What makes for successful placement for employers, workers and disability employment service providers
Art or Science?
Many, sometimes including program designers think that successfully employing a person with disability is the same as the process for people who dont have a disability plus some incentive(s) and if that doesnt work out then upping the incentives will solve the problem.
Sadly (for employers and people with disability) this is flawed thinking and represents a fundamental misunderstanding of the barriers faced by people with disability when it comes to acquiring and maintaining employment. In consequence, when the incentive/subsidy runs out the person is not generating sufficient profit to retain employment and their work is lost.
The solution to this defeat is often to repeat the process rather than look at the underlying needs of the parties as a means of finding suitable fit within an employers business.

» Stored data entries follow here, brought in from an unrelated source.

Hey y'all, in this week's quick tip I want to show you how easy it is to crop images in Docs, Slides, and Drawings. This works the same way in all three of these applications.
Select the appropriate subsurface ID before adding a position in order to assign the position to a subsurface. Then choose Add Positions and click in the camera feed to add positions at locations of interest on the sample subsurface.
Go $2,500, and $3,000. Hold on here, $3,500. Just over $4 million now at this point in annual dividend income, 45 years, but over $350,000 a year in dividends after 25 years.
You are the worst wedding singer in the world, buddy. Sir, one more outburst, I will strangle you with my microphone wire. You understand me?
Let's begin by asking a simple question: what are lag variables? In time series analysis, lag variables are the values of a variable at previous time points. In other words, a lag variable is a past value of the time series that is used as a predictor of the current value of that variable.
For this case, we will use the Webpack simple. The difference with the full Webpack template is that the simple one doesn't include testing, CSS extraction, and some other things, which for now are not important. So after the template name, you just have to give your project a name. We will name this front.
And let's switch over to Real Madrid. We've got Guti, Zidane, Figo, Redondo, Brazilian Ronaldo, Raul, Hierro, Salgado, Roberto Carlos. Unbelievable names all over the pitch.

While I might view disability as a construct theres no doubt that the fact of impairment imposes limitations - people who have a disability cant do everything, the blind are lousy pilots! But this doesnt mean they cant do anything. What it means is that service providers need to determine skills as well as aspirations then identify limitations and match their possible impact in seeking a role that matches these.
When aspiration, ability and opportunity cross paths, successful long term employment becomes possible.

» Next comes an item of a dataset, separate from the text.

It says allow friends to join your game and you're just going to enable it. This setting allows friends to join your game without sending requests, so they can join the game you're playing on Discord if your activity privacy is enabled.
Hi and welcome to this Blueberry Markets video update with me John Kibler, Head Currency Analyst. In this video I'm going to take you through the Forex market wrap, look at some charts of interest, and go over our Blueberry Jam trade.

Over the years a term that I think was originally specific to the disability industry, reverse marketing has come to mean far less than its original intent - today reverse marketing consists of pulling a clients file from a cabinet filled with similar people and phoning employers with the goal of sending a candidate for interview and possible hire.
This was not the original intent. Applied to people with disability, and lacking substantial additional knowledge, staff send keen candidates who are doomed to fail in very large numbers.
This is most unfortunate because the process of failure is more damaging for members of disadvantaged minorities than the same experience for members of more powerful groups - there are generally less support structures in place to maintain the morale and motivation of people with disability.
Failure by service staff to understand both capacity and barriers for job seekers may lead to scapegoating - blaming the person with disability for lacking application, will, or some other quality when the facts are an employment match that resembles a square peg and a round hole
Such an approach is also bad for the goodwill of employers who give themselves a pat on the back for adopting inclusive hiring strategies only to find they have a person unable to complete tasks associated with their role.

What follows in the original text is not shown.